Top positive review
Thoughtful, lyrical trip through the not so good world to come
4 October 2019
I wasn’t immediately drawn into the world of this book but it grows on you. Kitty Hawke is the last dweller on Wolfe Island, which is disappearing into the sea of Chesapeake Bay. Her family have lived there for centuries. She is an artist, referring to her assemblages as “makings”. We learn that she left her husband and two teenage children behind on the mainland to return to the island several years before. Her work was discovered by an agent; a documentary was made and she has a reputation as something of a crazy old hermit genius. The book is narrated in her voice as she details events and ruminates on the behaviour of herself and others and on life in general. There is much to think about, because she lives in the trying times of the near future. The sea has risen, the winters are warmer, the wild weather is excessive, and many people from the south (Mexicans) are running north, trying to outpace vigilantes and the law. They are aided by people running an Underground Railroad, as in the days of slavery.

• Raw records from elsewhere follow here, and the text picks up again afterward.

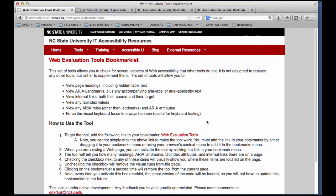This is a demonstration for how to use the Web Evaluation Tools bookmarklet to test whether you've implemented your ARIA landmark roles correctly. The first thing you need to do is install the tool, and it's just a bookmarklet, so you just add it to your browser.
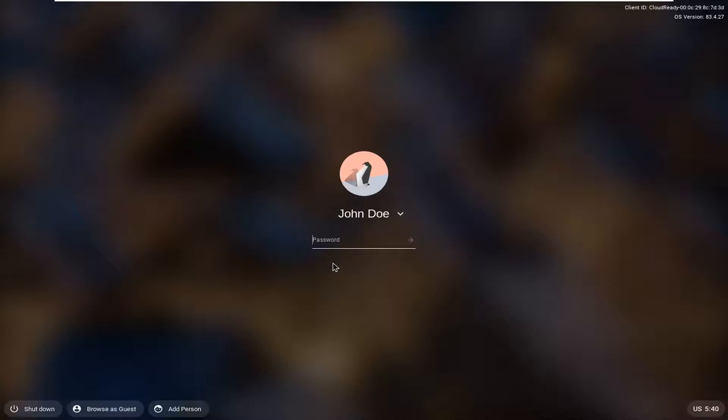I'm just going to sign back in here. You can see we're on this lock screen. I'm just going to type in my password.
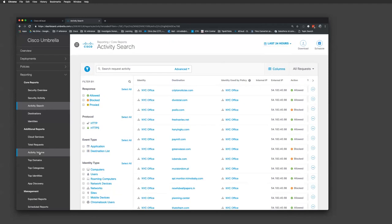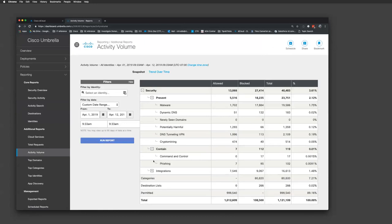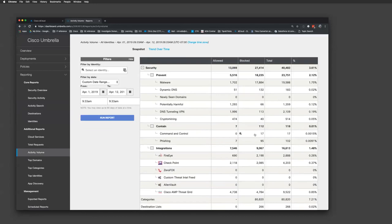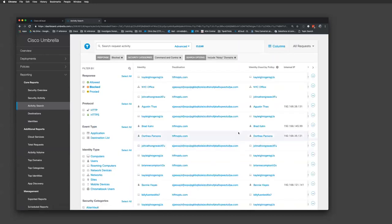The activity volume report gives a high-level overview of what's happening from a DNS perspective — total requests and blocked requests. If you see command and control activity and want to see which identities it's coming from, you can pivot right back into the activity search, which filters it for you. Command and control is usually associated with an infected endpoint, so you can address it right away.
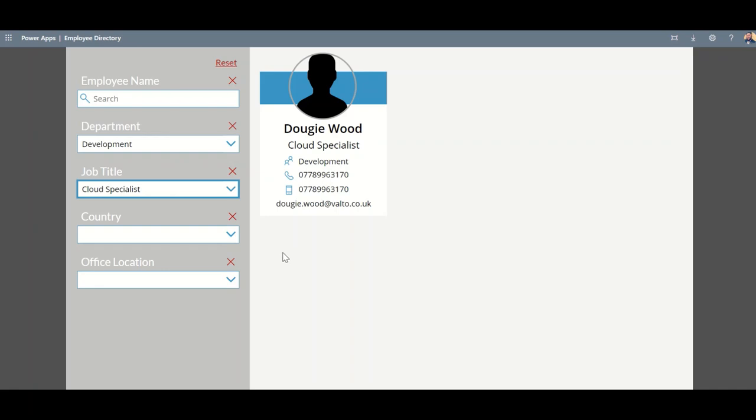This could be pulling all sorts of different properties from Azure AD, including things like the department, job title, the country, office locations, and all the other different properties that are contained within the profiles. You could add additional things like clicking a button to send that person an email straight from here or any other kind of automation.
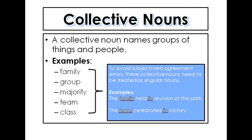Collective nouns name groups of things and people, such as family, group, majority, team, or class. In general, we treat collective nouns as singular nouns — for example, the family held its reunion at the park, or the team celebrated its victory.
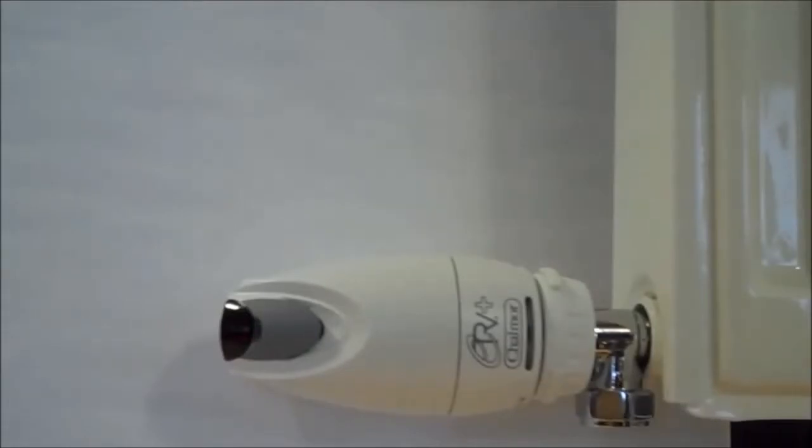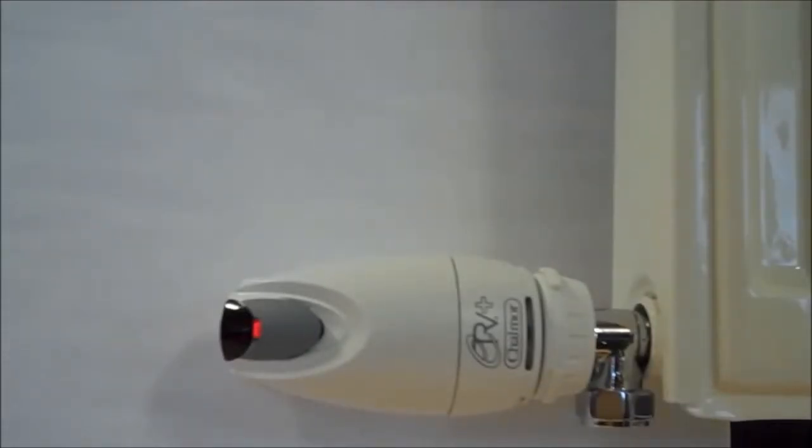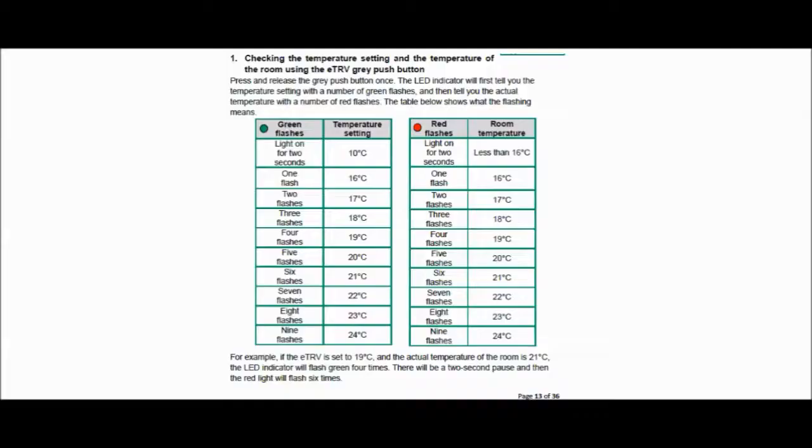The LED indicator will then flash, corresponding to different temperatures. Refer again to page 13 of your ETRV manual.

Her 17 yo granddaughter Cat shows up unexpectedly, with boyfriend Josh, 17 yo Luis and his 7 yo sister Alejandra. Cat is fierce and to keep Kitty safe from compromising knowledge, none of them will say much about what has happened or why they are there. Kitty agrees to not mention their presence to her daughter Claudie (Cat’s mother). Cat becomes pregnant and when the baby is imminent, Claudie is summoned and the tension of her relationship with Kitty surfaces. Things take a dive on the island and Kitty decides to go north with the youngsters in a bid to get Luis and Alejandra to safety. It is a perilous journey. All along the coast houses are abandoned as invading salt water does its damage. Naturally, the locals aren’t too friendly. Bad things happen, forcing Kitty to question her actions, which seem to us stoically pragmatic. After saying goodbye to the young ones Kitty - now carless - has to walk back, encountering more danger. The quiet, unshocked way Kitty records all this is absolutely believable. Men will be predatory. She makes it back in one piece and has a reunion of sorts with her husband. However, the island is now unliveable. Cat and her baby can’t come back because of the people smuggling, but Kitty does have a rapprochement with Claudie. Interwoven with these family relationships is the story of what happened with Tobe, Kitty’s other child. Grief is never far away, nor courage.
It’s a quiet, ruminative book despite the horrors of what happens and quite lyrical in parts, especially when describing the sea and the weather. Lucy Treloar has absolutely got into Kitty’s mindset and her depiction of a dystopian near future is quite likely to prove utterly correct.